=== Dataset content ===

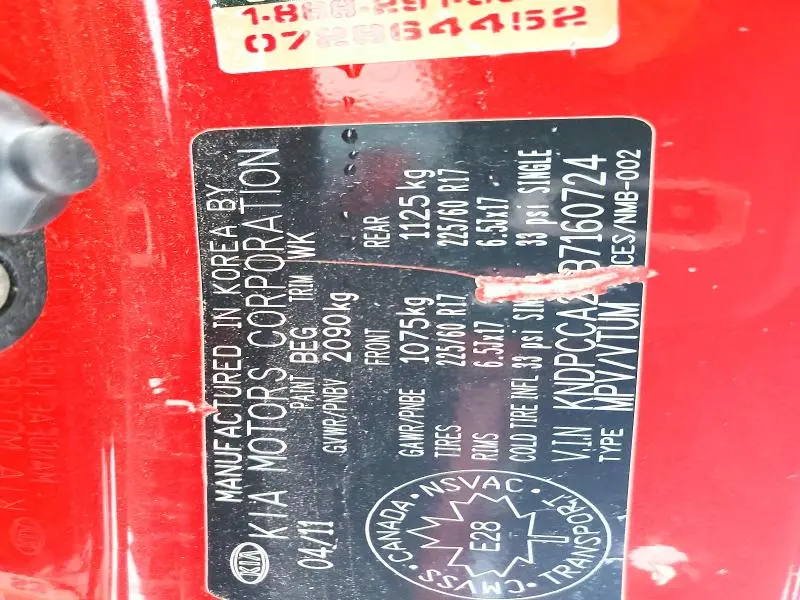 2011 KIA SPORTAGE EX  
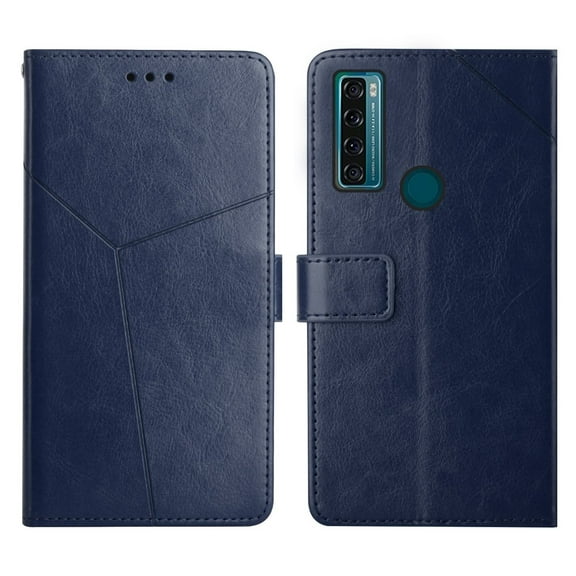 For TCL 20 SE Y Stitching Horizontal Flip Leather Phone Case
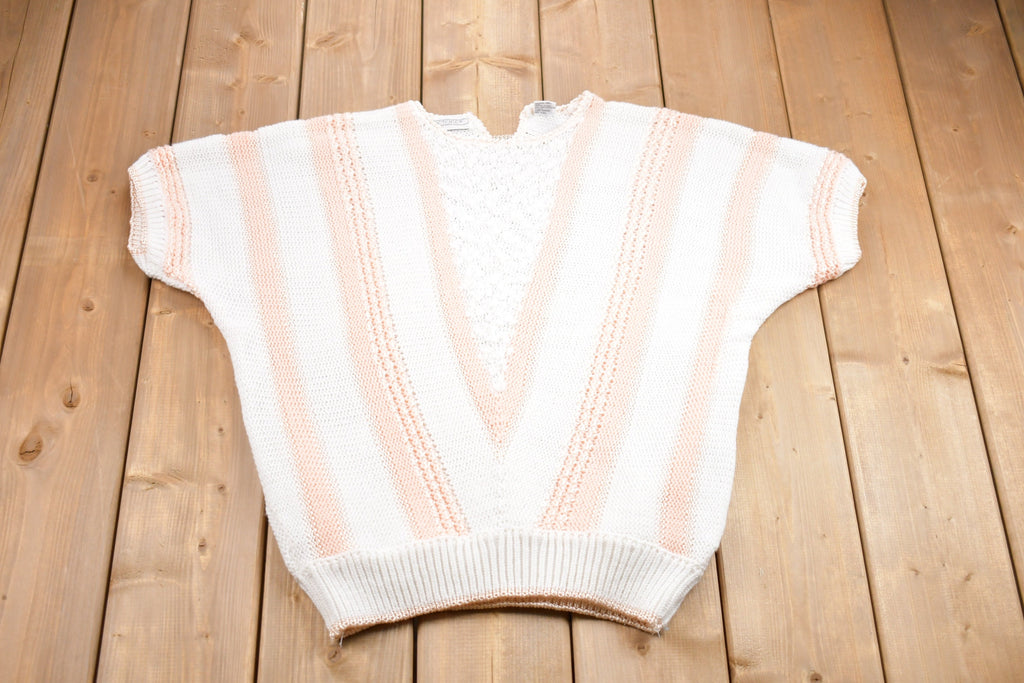 Vintage 1980s Pretense Knitted Short Sleeve Sweater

===

- The task -
Could you print the whole listing again, exactly, leaving the pictures out?

- Reply to the exercise -
 2011 KIA SPORTAGE EX  
 For TCL 20 SE Y Stitching Horizontal Flip Leather Phone Case
 Vintage 1980s Pretense Knitted Short Sleeve Sweater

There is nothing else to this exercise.